(Web page caption snippets)

-*-

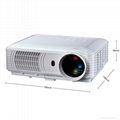 High Brightness 2800Lumens WXGA 1280x800 Home Theater Digital 1080P HD 3D Video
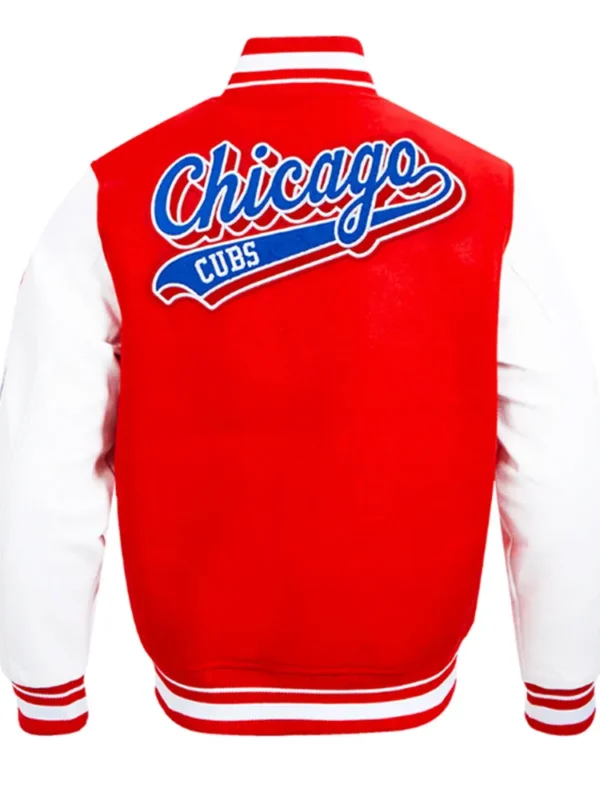 Script Tail Chicago Cubs Classic Rib Varsity Jacket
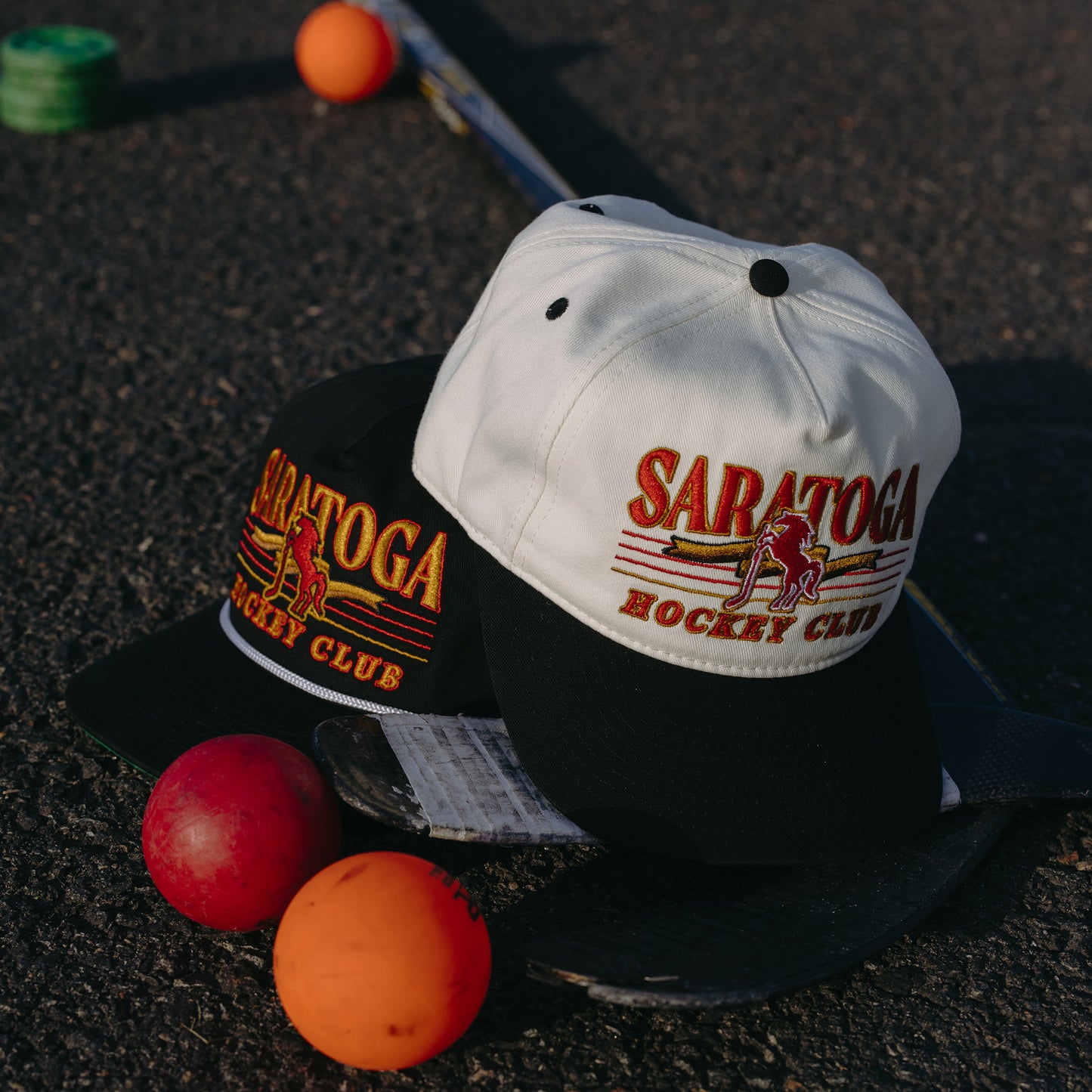 Saratoga Hockey Club Snapback: Cream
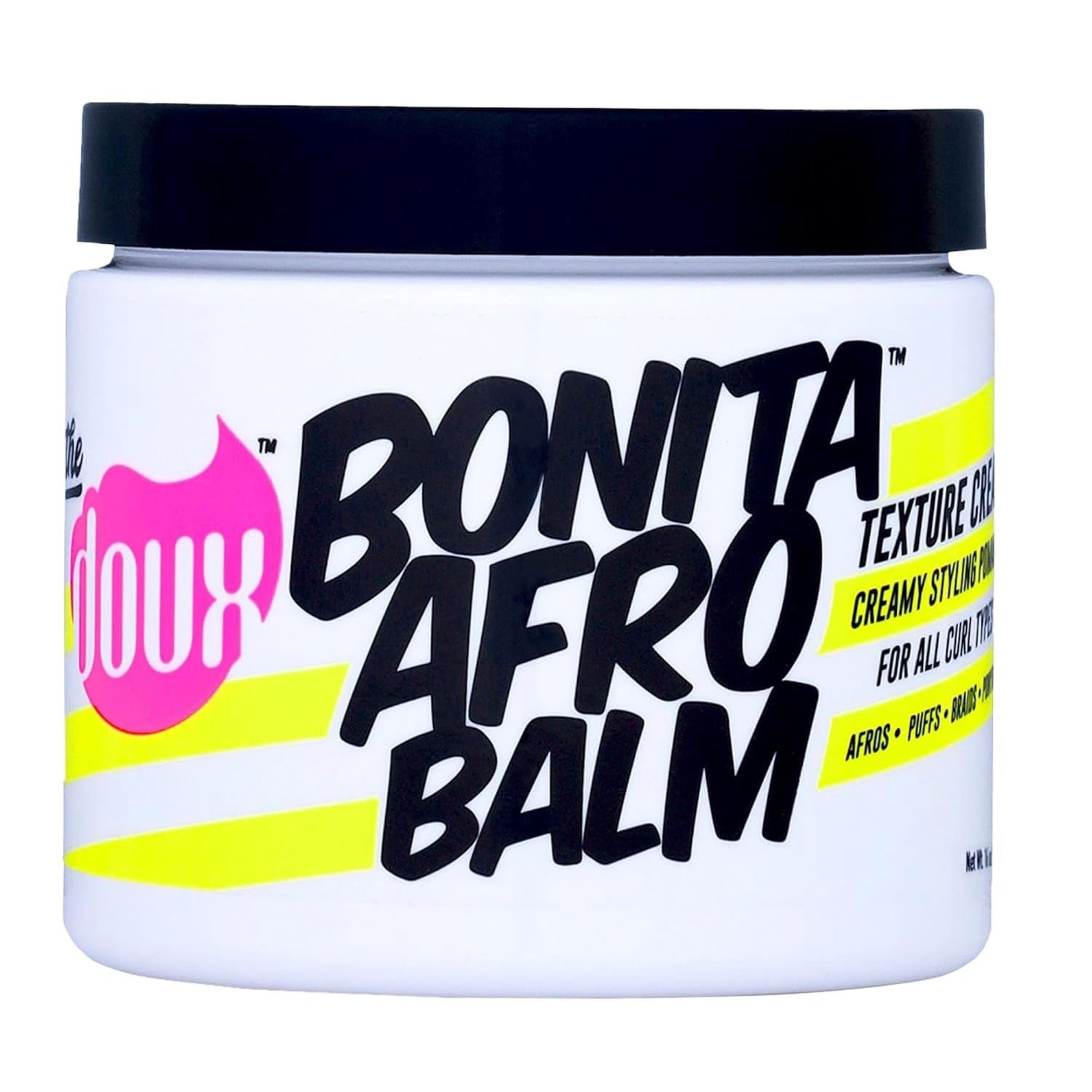 The Doux Curl Defining Cream &amp; Pomade for Curly Hair – BONITA AFRO BALM Hair Moisturizer for Twist-Outs, Braid Styles &amp; Flyaway Control – Curl Cream for Curly Hair &amp; Coils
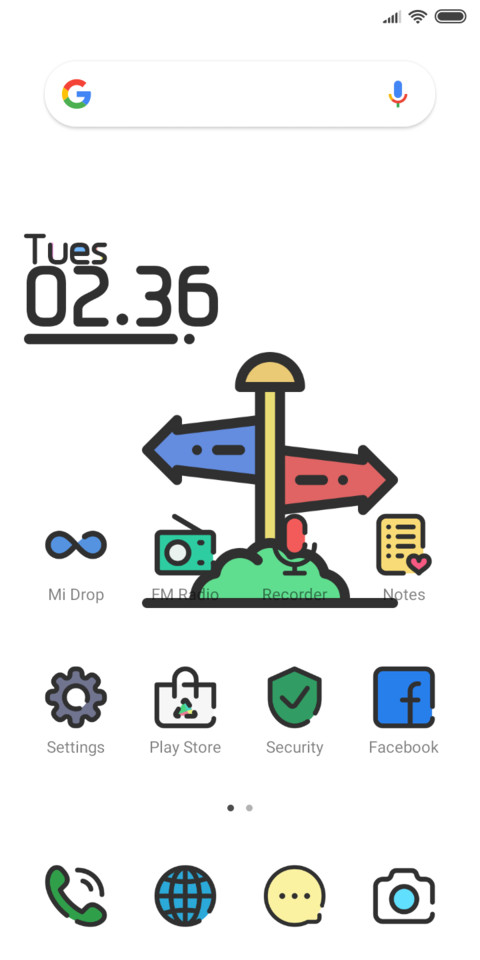 Outline screenshot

-*-

## What you have to do
With the pictures set aside, repeat every entry above exactly.

## Solution for this problem
 High Brightness 2800Lumens WXGA 1280x800 Home Theater Digital 1080P HD 3D Video
 Script Tail Chicago Cubs Classic Rib Varsity Jacket
 Saratoga Hockey Club Snapback: Cream
 The Doux Curl Defining Cream &amp; Pomade for Curly Hair – BONITA AFRO BALM Hair Moisturizer for Twist-Outs, Braid Styles &amp; Flyaway Control – Curl Cream for Curly Hair &amp; Coils
 Outline screenshot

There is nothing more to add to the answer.